これまでに何度も動いたのがイメージできるかと思います。
周囲を国道が走っていますよね。
この国道458号線や周囲の農地にキレツが入ったりしています。
(※上のリンクで実際の写真が見られます)
いやぁ、スゴイ地形ですよね。
もっと詳しく!
どんな地すべりなのか?原因は何か?見ていきましょう。
まずは断面図で同心円状のキレツの雰囲気を見てみます。
こんな感じで切ってみます。
小山がたくさん並んでる感じですが、その間のヘッコミがキレツの跡です。
かなり乱れた地形ですよね。
地質図を見てみましょう。
水色が約700万年~258万年前に海に溜まった泥岩です。
そしてその上に載っているのがピンク色の火砕流堆積物です。
この火砕流堆積物は約1万年前に肘折(ひじおり)火山が噴火して流れてきたものです。
この時に肘折カルデラができました。
青丸が地すべり、赤丸がカルデラのだいたいの範囲です。
こうやって見ると、まぁるくへっこんでるのが見えるかと思います。
中は平坦だし、温泉は出るしで人が住んでいます。
ここは肘折温泉という有名な温泉地なんです。
ちなみにこの台地は火砕流台地なのですが、あちこち浸食されて、かなり深くえぐられてますよね。
これは九州南部と同じような、俗称で「シラス」と言われるような地質です。火山灰粒子がギザギザで普段は噛み合ってて硬めなんですが、大雨で水を含むと噛み合わせがほどけ、崩れてしまう。
この地すべりの場合は、シラスがスポンジのように大量の雪解け水を含み、下の泥岩にまで水が浸み込んだことが、地すべりの原因の1つです。
ここ、7mくらい雪が積もる大豪雪地帯なんです(;^_^A
立体で見る
そんな「銅山川地すべり」を3Dで見てみましょう。
いやぁ、ダイナミックな地形ですよね。
同心円状のキレツ跡が生々しいですよね。
空中写真だとイマイチ分かりづらいですかね?
ズーム!
この縮尺で見ると、キレツのイメージが湧きませんか?
うっひょ~!迫力ありますね!!
国道が崖の近くを通っててちょっと怖そうですが、実際にここを走って見ると全く怖くないので御安心を。

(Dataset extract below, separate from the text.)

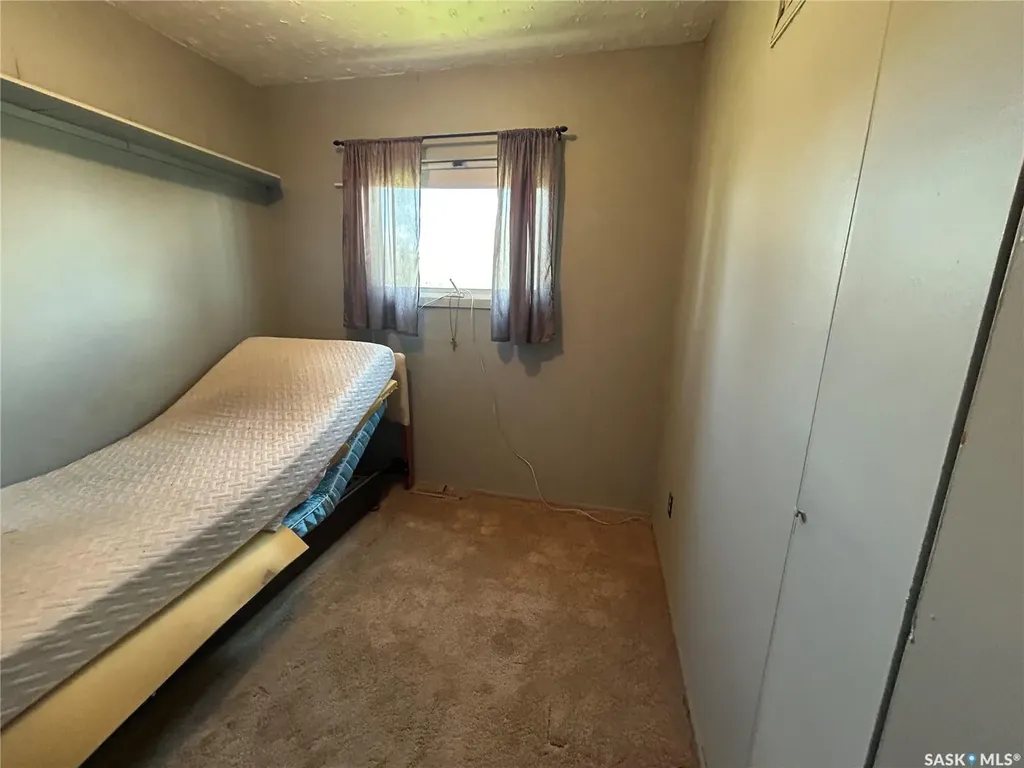 929 Brown Street Moose Jaw SK S6H 2Z1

周囲もシラスが崩れたりしてダイナミックが地形がつくられています。
ちなみに肘折温泉へのアクセスは、例えば山形市(下の赤丸)からなら、
で、車で約2時間です。(※ルートは一例です)
美味しい蕎麦屋さんもありますし、一度遊びに行ってみてください♬
以上、お読みいただきありがとうございました。